A well maintained A-Model Ford of 1931 make occupies a pride of place in the garage of the owners of Lankashi Tea Estate in Tinsukia district. It is only fitting that the vintage car, which is still in running condition, should be in the possession of one of the oldest families, the Boruahs, of Dibrugarh.

The Boruah family traces back their root in Dibrugarh to the nineteenth century when the town was newly founded. It was a different time. India was still under the rule of the British. The rulers made inroads into the eastern most corner of the state where they discovered coal. The land and climate proved suitable for tea plantation. The British, who came to India as merchants, built a garh or fort on the bank of River Dibru in the 1840s and so was laid the foundation of Dibrugarh. The docking of ships at Mohana Ghat on the bank of River Brahmaputra was a normal sight. These vessels took away tea and coal from Assam.

The town mainly covered the area of present Amolapatty, Panchali and Topapul, the last being the place where Dharadhara Boruah set up home. He hailed from a family with long association with the Ahom Royalty and had left his ancestral home at Roja Hawli in Jorhat to work for the district administration. After moving to North Lakhimpur, which was the sadar of the district, he arrived at Dibrugarh in the 1860s when the offices were shifted here. It was his son, Jadunath Boruah, who went on to establish himself as one of the earliest successful Assamese entrepreneur.

Certain encounters turned out to be propitious in the life of Jadunath Boruah, with the first happening when he was just a schoolboy. The young boy grew up at an age when education had not yet spread in Assam. So the British relied on educated Bengali gentlemen they brought from Bengal to work in various capacities. One of them was ‘Kali Babu,’ who was a land surveyor. His services were in great demand as this was the period when Europeans were on an overdrive to possess land and open tea gardens.

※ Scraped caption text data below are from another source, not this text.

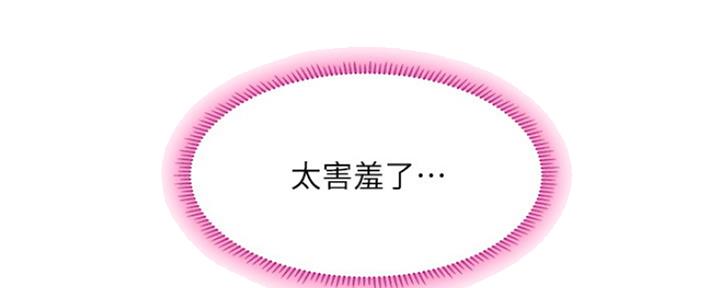 第117话19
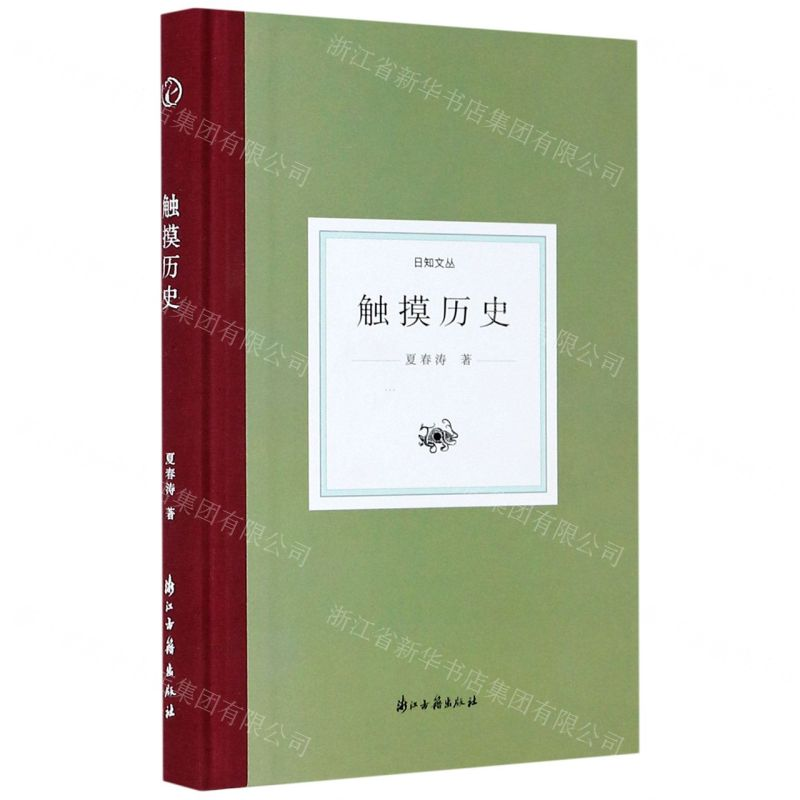 [N]触摸历史(精)/日知文丛-9787554017401高清大图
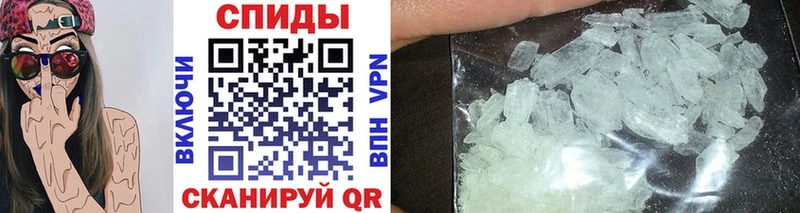 МЕТАМФЕТАМИН кристалл  купить наркотики цена  Ветлуга 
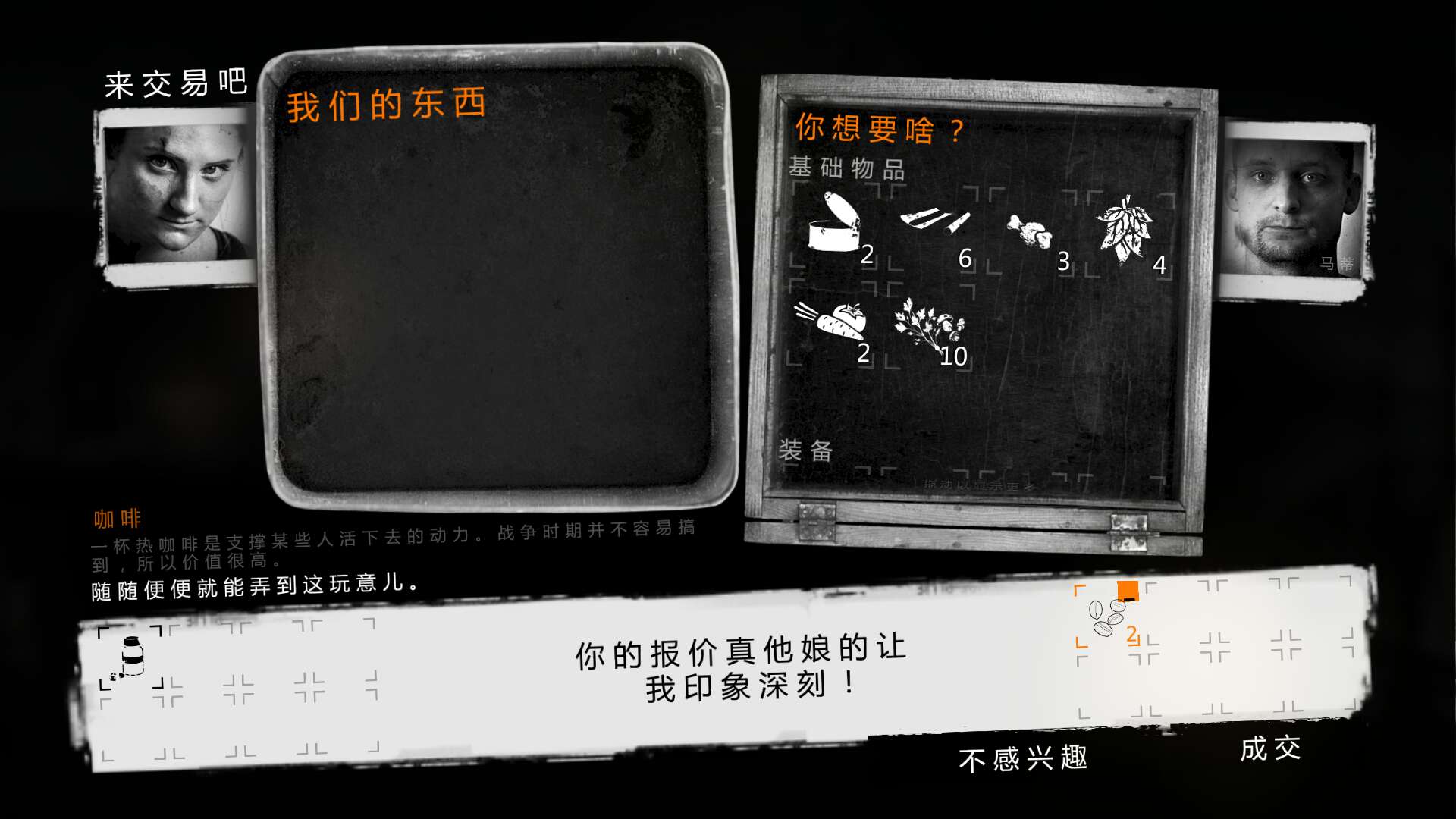 消除焦虑，这是我的战争咖啡怎么喝截图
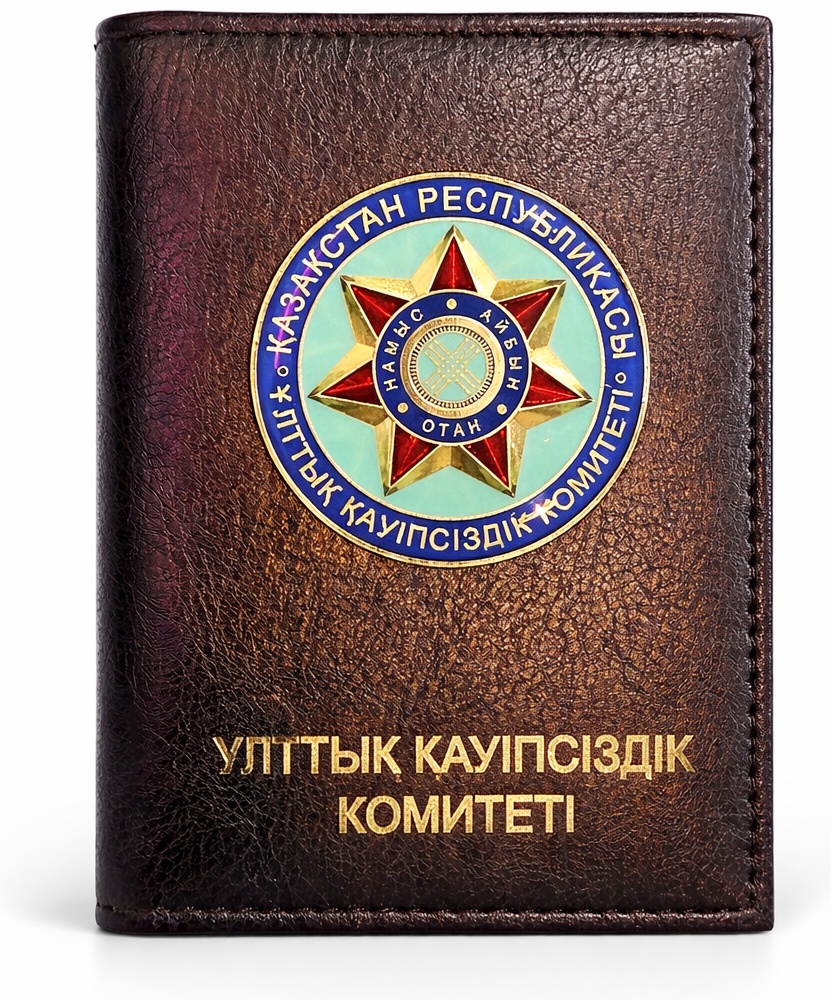 Обложка для документов, натуральная кожа, искусственная кожа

The junior Boruah, who used to go to the ghats to watch the ships, struck up a friendship with Kali Babu and learnt about the latter’s trade during their interactions. A very intelligent boy, he was quick to realize the immense prospects that lay in the profession of land survey. It was not long before Jadunath Boruah set out to Calcutta, which was then the capital of British India, to become a land surveyor. From there, he went to Dhaka, where the office of the Director General of Land Survey was located. Determined to achieve his goal, the Assamese young man took up a course on land survey at Dhaka. It took him five years before getting recognition as a land surveyor. It was a well earned one.

Anecdotes about the struggle of the first Assamese land surveyor are part of the family lore. One of them is how he managed to get a health certificate, as narrated by Dhirendra Nath Boruah, who taught Physics in DHSK College till his retirement almost a decade back and the grandson of Jadunath Boruah.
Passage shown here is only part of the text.